Ci sono altre maggioranze possibili? Se usciamo da quella che viene considerata fantapolitica, cioè l’idea di un accordo Pd-5Stelle, le altre ipotesi praticabili non producono maggioranze. Una di cui si parla è riferita alle cosiddette larghe intese, cioè un’alleanza Pd-Forza Italia. Diventa difficile dare numeri, poiché bisognerebbe sapere quanti deputati uninominali eleggerebbe Forza Italia. Ma anche ammettendo che ne ottenesse la metà di quelli guadagnati dal centrodestra, non sarebbero comunque sufficienti. La somma finale infatti darebbe 286 deputati, non abbastanza. Lo stesso o quasi avverrebbe per un’ipotetica coalizione definita «antisistema», composta da M5S, Lega e Fratelli d’Italia. In questo caso, sempre assegnando a queste due forza metà dei seggi uninominali del centrodestra, si arriverebbe a un totale di 304 seggi. Più vicini, ma ancora insufficienti. Insomma, allo stato dell’arte, sembra proprio che dal voto possa sortire un Parlamento ingovernabile. A meno di una crescita sensazionale di una delle formazioni in campo o di schemi di alleanze che la nostra fantasia non riesce a prevedere.
Gli scenari che si aprono sono quindi piuttosto complessi. Il ritorno al voto a breve (qualcuno lo ritiene probabile accennando al fatto che diversi leader non si candiderebbero in questa occasione aspettando il voto «vero», cioè quello successivo) sarebbe sensato solo se si cambiasse la legge elettorale, con una torsione maggioritaria più netta. In un sistema tripolare sarebbe probabilmente necessario il doppio turno, per garantirsi la governabilità. Ma questo è stato già bocciato dalla Consulta. E comunque, per cambiare in un senso o nell’altro la legge elettorale, si dovrebbe avere un governo di scopo, con un accordo solido e con la capacità di fare fronte anche alle altre scadenze inderogabili, tra cui le manovre di aggiustamento dei conti, cosa che sembra davvero difficile.
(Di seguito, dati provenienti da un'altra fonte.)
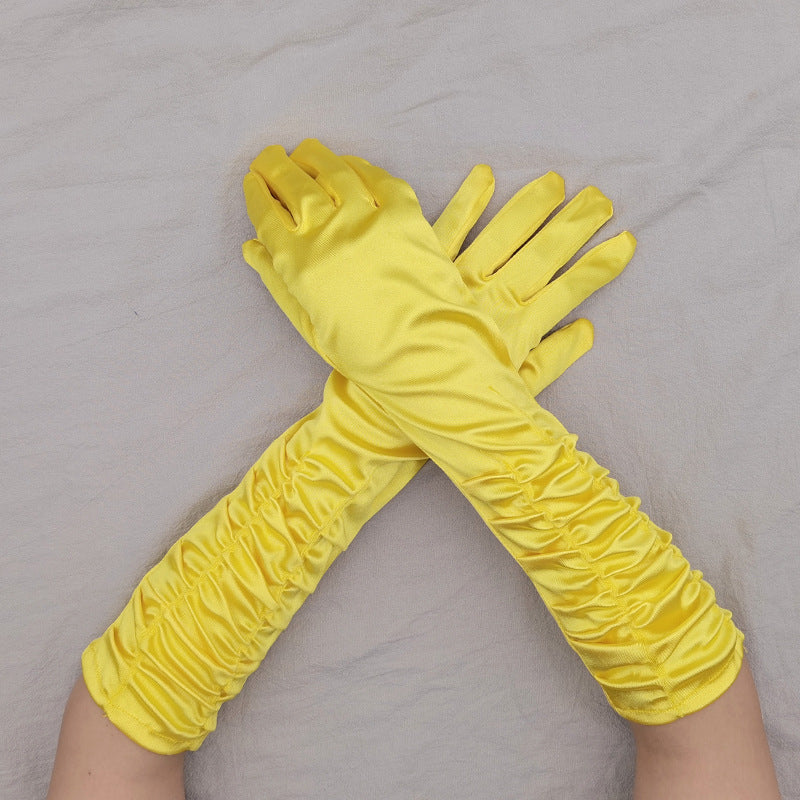 Ruched Satin Elbow Length Evening Gloves - Yellow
L’ultimo scenario è quello della prosecuzione del governo attuale. Qualcuno la chiama prorogatio, ma forse non è proprio così. In fondo Gentiloni rimarrebbe comunque in carica, pur se solo per il disbrigo degli affari correnti. E tutto sommato l’indice di gradimento del governo (40,5) e del presidente del Consiglio (42,1) di questi tempi non sono così male.